Official Google Webmaster Central Blog

Rabu, 25 April 2012

Official Google Webmaster Central Blog

Link to Google Webmaster Central Blog

1000 Words About Images

Posted: 25 Apr 2012 01:08 AM PDT

Webmaster level: All

Creativity is an important aspect of our lives and can enrich nearly everything we do. Say I'd like to make my teammate a cup of cool-looking coffee, but my creative batteries are empty; this would be (and is!) one of the many times when I look for inspiration on Google Images.

The images you see in our search results come from publishers of all sizes — bloggers, media outlets, stock photo sites — who have embedded these images in their HTML pages. Google can index image types formatted as BMP, GIF, JPEG, PNG and WebP, as well as SVG.

But how does Google know that the images are about coffee and not about tea? When our algorithms index images, they look at the textual content on the page the image was found on to learn more about the image. We also look at the page's title and its body; we might also learn more from the image's filename, anchor text that points to it, and its "alt text;" we may use computer vision to learn more about the image and may also use the caption provided in the Image Sitemap if that text also exists on the page.

 To help us index your images, make sure that:
  • we can crawl both the HTML page the image is embedded in, and the image itself;
  • the image is in one of our supported formats: BMP, GIF, JPEG, PNG, WebP or SVG.
Additionally, we recommend:
  • that the image filename is related to the image's content;
  • that the alt attribute of the image describes the image in a human-friendly way;
  • and finally, it also helps if the HTML page's textual contents as well as the text near the image are related to the image.
Now some answers to questions we've seen many times:

Q: Why do I sometimes see Googlebot crawling my images, rather than Googlebot-Image?
A: Generally this happens when it's not clear that a URL will lead to an image, so we crawl the URL with Googlebot first. If we find the URL leads to an image, we'll usually revisit with Googlebot-Image. Because of this, it's generally a good idea to allow crawling of your images and pages by both Googlebot and Googlebot-Image.

Q: Is it true that there's a maximum file size for the images?
A: We're happy to index images of any size; there's no file size restriction.

Q: What happens to the EXIF, XMP and other metadata my images contain?
A: We may use any information we find to help our users find what they're looking for more easily. Additionally, information like EXIF data may be displayed in the right-hand sidebar of the interstitial page that appears when you click on an image.

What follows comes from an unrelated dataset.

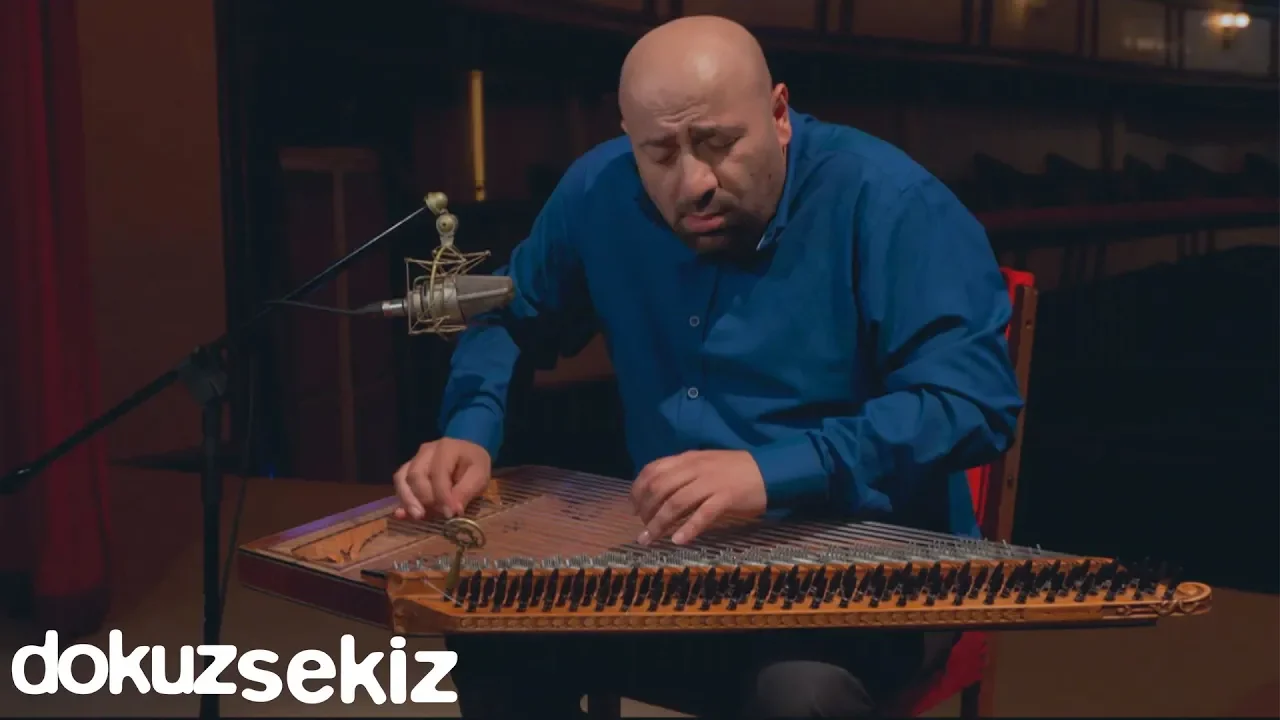 Aytaç Doğan - Sorma (Official Video) (Akustik) Aytaç Doğan - Sorma (Official Video) (Akustik)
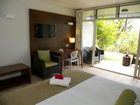 фото отеля Matavai Resort Niue Island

Q: Should I really submit an Image Sitemap? What are the benefits?
A: Yes! Image Sitemaps help us learn about your new images and may also help us learn what the images are about.

Q: I'm using a CDN to host my images; how can I still use an Image Sitemap?
A: Cross-domain restrictions apply only to the Sitemaps' tag. In Image Sitemaps, the tag is allowed to point to a URL on another domain, so using a CDN for your images is fine. We also encourage you to verify the CDN's domain name in Webmaster Tools so that we can inform you of any crawl errors that we might find.

Q: Is it a problem if my images can be found on multiple domains or subdomains I own — for example, CDNs or related sites?
A: Generally, the best practice is to have only one copy of any type of content. If you're duplicating your images across multiple hostnames, our algorithms may pick one copy as the canonical copy of the image, which may not be your preferred version. This can also lead to slower crawling and indexing of your images.

Q: We sometimes see the original source of an image ranked lower than other sources; why is this?
A: Keep in mind that we use the textual content of a page when determining the context of an image. For example, if the original source is a page from an image gallery that has very little text, it can happen that a page with more textual context is chosen to be shown in search. If you feel you've identified very bad search results for a particular query, feel free to use the feedback link below the search results or to share your example in our Webmaster Help Forum.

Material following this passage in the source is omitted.